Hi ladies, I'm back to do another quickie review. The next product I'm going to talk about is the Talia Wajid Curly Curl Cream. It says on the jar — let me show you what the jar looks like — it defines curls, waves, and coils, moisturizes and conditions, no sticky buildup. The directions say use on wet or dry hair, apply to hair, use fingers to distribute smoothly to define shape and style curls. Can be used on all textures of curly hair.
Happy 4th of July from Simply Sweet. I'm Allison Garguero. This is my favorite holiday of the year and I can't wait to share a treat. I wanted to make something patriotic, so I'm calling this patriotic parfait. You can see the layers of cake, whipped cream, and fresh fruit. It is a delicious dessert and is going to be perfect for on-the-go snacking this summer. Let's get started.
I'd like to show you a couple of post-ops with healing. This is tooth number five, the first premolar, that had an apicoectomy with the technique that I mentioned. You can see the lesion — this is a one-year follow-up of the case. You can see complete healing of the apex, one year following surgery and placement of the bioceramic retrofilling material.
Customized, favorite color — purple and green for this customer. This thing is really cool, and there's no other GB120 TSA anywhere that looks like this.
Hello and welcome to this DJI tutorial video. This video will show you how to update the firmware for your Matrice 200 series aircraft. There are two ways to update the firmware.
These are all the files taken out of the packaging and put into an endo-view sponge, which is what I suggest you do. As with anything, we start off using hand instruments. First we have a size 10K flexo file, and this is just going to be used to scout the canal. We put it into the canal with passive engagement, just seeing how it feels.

:::

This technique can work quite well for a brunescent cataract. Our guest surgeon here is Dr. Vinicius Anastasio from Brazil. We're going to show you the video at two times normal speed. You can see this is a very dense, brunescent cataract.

:::

## Work order
Could you write out, exactly as they stand, only the lines above that begin at the line with "Hi ladies, I'm" and stop after the line with "Happy 4th of"?

## Answer area
Hi ladies, I'm back to do another quickie review. The next product I'm going to talk about is the Talia Wajid Curly Curl Cream. It says on the jar — let me show you what the jar looks like — it defines curls, waves, and coils, moisturizes and conditions, no sticky buildup. The directions say use on wet or dry hair, apply to hair, use fingers to distribute smoothly to define shape and style curls. Can be used on all textures of curly hair.
Happy 4th of July from Simply Sweet. I'm Allison Garguero. This is my favorite holiday of the year and I can't wait to share a treat. I wanted to make something patriotic, so I'm calling this patriotic parfait. You can see the layers of cake, whipped cream, and fresh fruit. It is a delicious dessert and is going to be perfect for on-the-go snacking this summer. Let's get started.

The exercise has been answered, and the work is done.